Collected data:
● ● ● ●

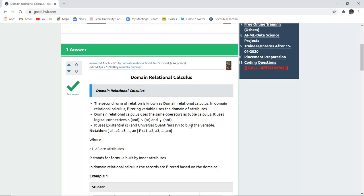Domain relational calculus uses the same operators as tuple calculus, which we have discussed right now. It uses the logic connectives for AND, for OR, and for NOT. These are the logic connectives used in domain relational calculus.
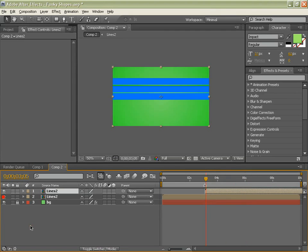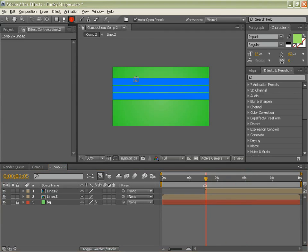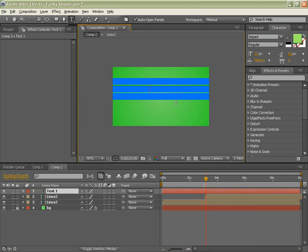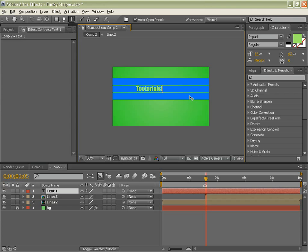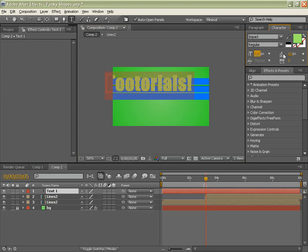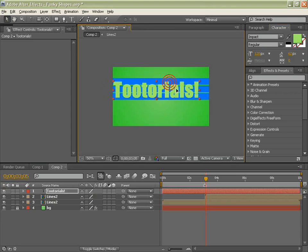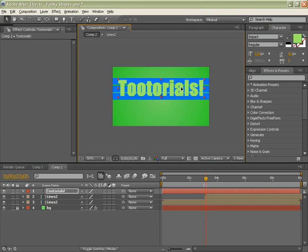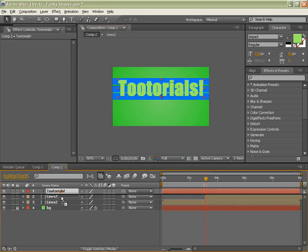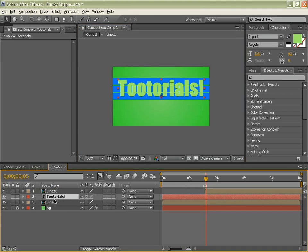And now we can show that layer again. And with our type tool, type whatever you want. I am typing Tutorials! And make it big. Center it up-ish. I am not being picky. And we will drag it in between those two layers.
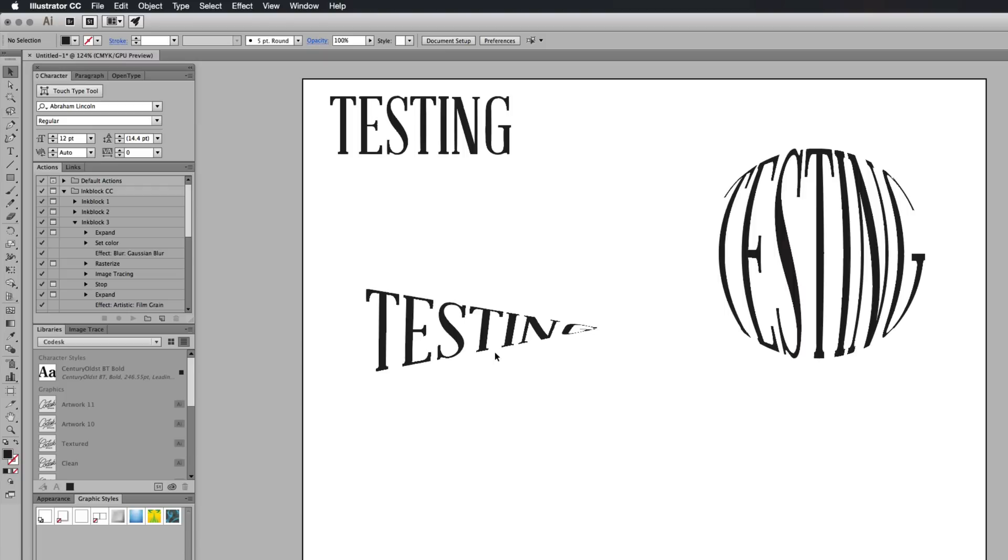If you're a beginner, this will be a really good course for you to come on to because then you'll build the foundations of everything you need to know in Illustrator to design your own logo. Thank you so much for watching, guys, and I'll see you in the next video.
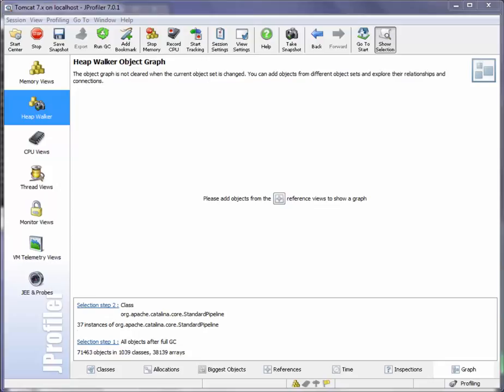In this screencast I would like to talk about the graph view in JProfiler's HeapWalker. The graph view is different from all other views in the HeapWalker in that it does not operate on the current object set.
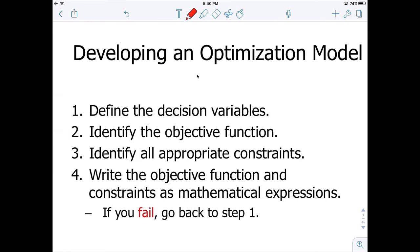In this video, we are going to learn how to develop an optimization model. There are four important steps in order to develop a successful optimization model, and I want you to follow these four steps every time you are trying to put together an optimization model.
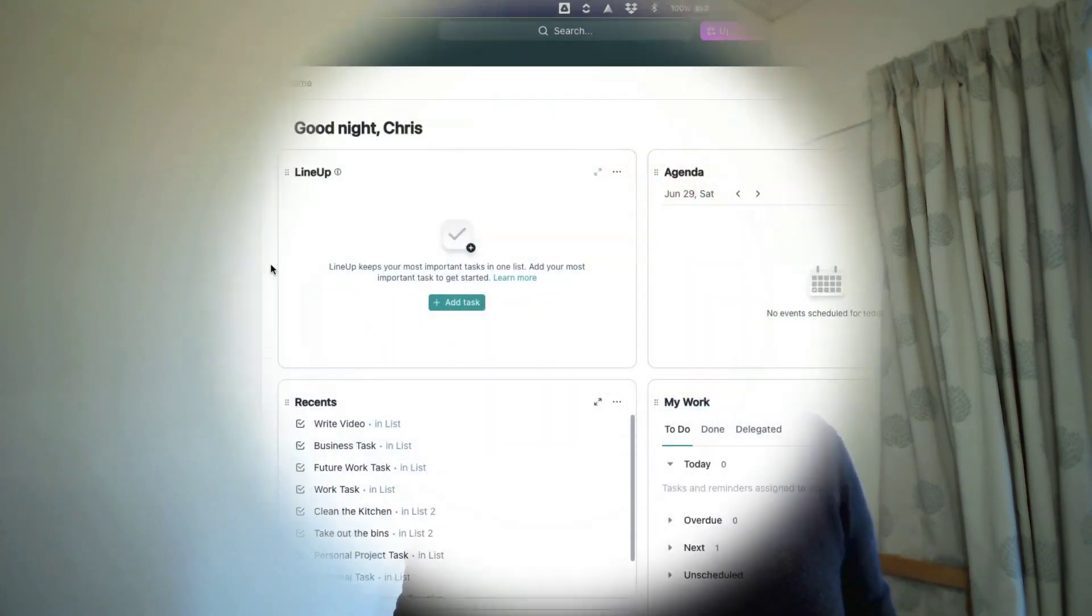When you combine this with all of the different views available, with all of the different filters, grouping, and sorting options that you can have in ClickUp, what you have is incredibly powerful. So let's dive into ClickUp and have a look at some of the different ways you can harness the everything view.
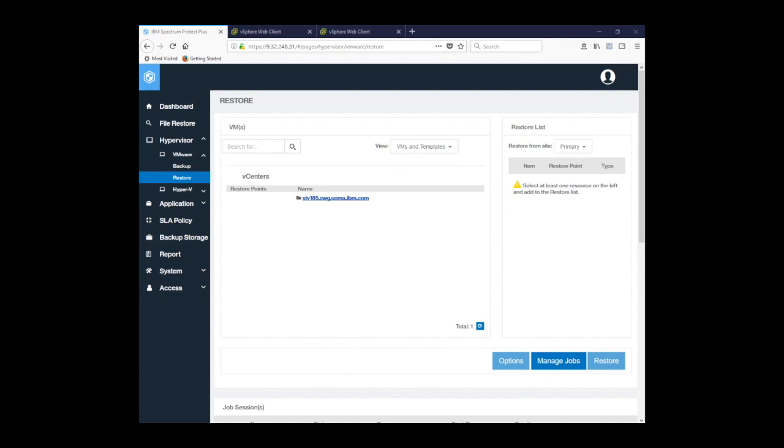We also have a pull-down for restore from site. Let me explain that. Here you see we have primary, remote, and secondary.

● ● ● ●

Work to complete: Quote, without alteration, the lines running from the line containing "In this screencast" to the last line of the entries, and include no pictures.

Solution for this problem:
In this screencast I would like to talk about the graph view in JProfiler's HeapWalker. The graph view is different from all other views in the HeapWalker in that it does not operate on the current object set.
In this video, we are going to learn how to develop an optimization model. There are four important steps in order to develop a successful optimization model, and I want you to follow these four steps every time you are trying to put together an optimization model.
When you combine this with all of the different views available, with all of the different filters, grouping, and sorting options that you can have in ClickUp, what you have is incredibly powerful. So let's dive into ClickUp and have a look at some of the different ways you can harness the everything view.
We also have a pull-down for restore from site. Let me explain that. Here you see we have primary, remote, and secondary.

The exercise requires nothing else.